Aktien: Niedrige Bewertungen könnten sich als trügerisch erweisen

Die Bilanz für die ersten sechs Monate des Aktienjahres 2022 fällt ernüchternd aus. Tiefrote Zahlen in fast allen Regionen. Am besten gehalten hat sich eine für die meisten Anleger eher exotische Anlageregion: Der MSCI Lateinamerika lag im ersten Halbjahr nur minimal im Minus (-0,3 Prozent). Trotz der massiven Kursverluste an den meisten anderen Aktienmärkten ist es für eine Entwarnung noch zu früh. „Es wird an den Aktienmärkten zwar wohl nicht so schlimm kommen wie in den 70er Jahren.
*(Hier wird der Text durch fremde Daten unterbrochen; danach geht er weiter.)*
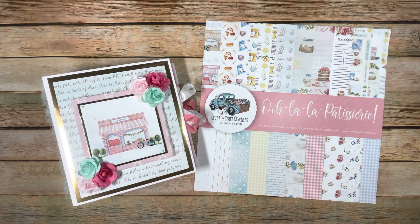I'm going to show you and do the walkthrough. And then I will be back with a tutorial here real soon. But this is a really fun album. I'm using Ooh La La Patisserie from Country Craft Creations. It's a great collection and I think you're really going to like it. I absolutely loved playing with this collection. It was so much fun.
Damals waren die Kurs-Gewinn-Verhältnisse am US-Aktienmarkt einstellig, die Zinsen stiegen in den zweistelligen Bereich und lagen über den Inflationsraten“, meint Thomas Schüßler, globaler Co-Leiter Aktien. Eine Aktie, die um 70 Prozent gefallen ist, sei aber nicht automatisch billig. Nach wie vor aussichtsreich sind für Schüßler in diesem schwierigen Umfeld dividendenstarke Aktien mit soliden Fundamentaldaten.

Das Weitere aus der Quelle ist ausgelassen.